# Company Christmas Party (joke)



## Osage Bluestem (Dec 8, 2009)

The following is funny, but largely because it’s such a good reflection of life in these politically correct times… enjoy.

Company Memo 
FROM: Patty Lewis, Human Resources Director 
TO: All Employees 
DATE: October 1, 2009 
RE: Gala Christmas Party 

I'm happy to inform you that the company Christmas Party will take place on December 23rd, starting at noon in the private function room at the Grill House. There will be a cash bar and plenty of drinks! We'll have a small band playing traditional carols.... feel free to sing along. And don't be surprised if our CEO shows up dressed as Santa Claus! A Christmas tree will be lit at 1:00 PM. Exchanges of gifts among employees can be done at that time; however, no gift should be over $10.00 to make the giving of gifts easy for everyone's pockets. This gathering is only for employees! 
Our CEO will make a special announcement at that time! 
Merry Christmas to you and your family, 
Patty

Company Memo
FROM: Patty Lewis, Human Resources Director 
TO: All Employees 
DATE: October 2, 2009 
RE: Gala Holiday Party 

In no way was yesterday's memo intended to exclude our Jewish employees. We recognize that Hanukkah is an important holiday, which often coincides with Christmas, though unfortunately not this year. However, from now on, we're calling it our "Holiday Party." The same policy applies to any other employees who are not Christians and to those still celebrating Reconciliation Day. There will be no Christmas tree, and no Christmas carols will be sung. We will have other types of music for your enjoyment. 
Happy now? 
Happy Holidays to you and your family, 
Patty

Company Memo
FROM: Patty Lewis, Human Resources Director 
TO: All Employees 
DATE: October 3, 2009 
RE: Holiday Party 

Regarding the note I received from a member of Alcoholics Anonymous requesting a non-drinking table, you didn't sign your name. I'm happy to accommodate this request, but if I put a sign on a table that reads, "AA Only," you wouldn't be anonymous anymore. How am I supposed to handle this? 
Somebody? 
And sorry, but forget about the gift exchange, no gifts are allowed since the union members feel that $10.00 is too much money and the executives believe $10.00 is a little chintzy. 
REMEMBER: NO GIFTS EXCHANGE WILL BE ALLOWED.

Company Memo
FROM: Patty Lewis, Human Resources Director 
To: All Employees 
Date: October 4, 2009 

RE: Generic Holiday Party

What a diverse group we are! I had no idea that December 20th begins the Muslim holy month of Ramadan, which forbids eating and drinking during daylight hours. There goes the party! Seriously, we can appreciate how a luncheon at this time of year does not accommodate our Muslim employees' beliefs. Perhaps the Grill House can hold off on serving your meal until the end of the party or else package everything for you to take it home in little foil doggy baggy. Will that work? 
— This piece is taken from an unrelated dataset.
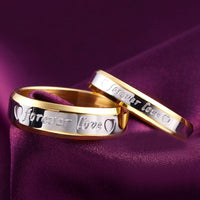 bague forever love 18k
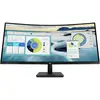 Image de Moniteur LED HP P34hc G4 CEE G (A - G) 86.4 cm 34 pouces 3440 x 1440 pixels 21:9 5 ms USB-C®, USB 3.1 (Gen 1), USB-B, DisplayPort, HDMI , Audio-Line-out VA LED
Meanwhile, I've arranged for members of Weight Watchers to sit farthest from the dessert buffet, and pregnant women will get the table closest to the restrooms. Gays are allowed to sit with each other. Lesbians do not have to sit with Gay men, each group will have their own table. 
Yes, there will be flower arrangement for the Gay men's table. 
To the person asking permission to cross dress, the Grill House asks that no cross-dressing be allowed, apparently because of concerns about confusion in the restrooms. Sorry. 
We will have booster seats for short people. 
Low-fat food will be available for those on a diet. 
I am sorry to report that we cannot control the amount of salt used in the food. The Grill House suggests that people with high blood pressure taste a bite first. 
There will be fresh "low sugar" fruits as dessert for diabetics, but the restaurant cannot supply "no sugar" desserts. Sorry! 

Did I miss anything?!?!? 
Patty

Company Memo
FROM: Patty Lewis, Human Resources Director 
TO: All Employees 
DATE: October 5, 2009 
RE: The Party

I've had it with you vegetarians!!! We're going to keep this party at the Grill House whether you like it or not, so you can sit quietly at the table furthest from the "grill of death," as you so quaintly put it, and you'll get your salad bar, including organic tomatoes. But you know, tomatoes have feelings, too. They scream when you slice them. I've heard them scream. I'm hearing them scream right NOW! 
The rest of you weirdoes just shut up and respect the party! I hope you all have a rotten holiday! 
Drive drunk and die!!! 





Company Memo
FROM: Jan Bishop, Acting Human Resources Director 
DATE: October 6, 2009 
RE: Patty Lewis and Holiday Party

I'm sure I speak for all of us in wishing Patty Lewis a speedy recovery and I'll continue to forward your cards to her. 
In the meantime, management has decided to cancel our Holiday Party and give everyone the afternoon of the 23rd off with full pay. 
Happy Holidays! 
Jan


----------



## C. M. Sheffield (Dec 8, 2009)

I needed that!


----------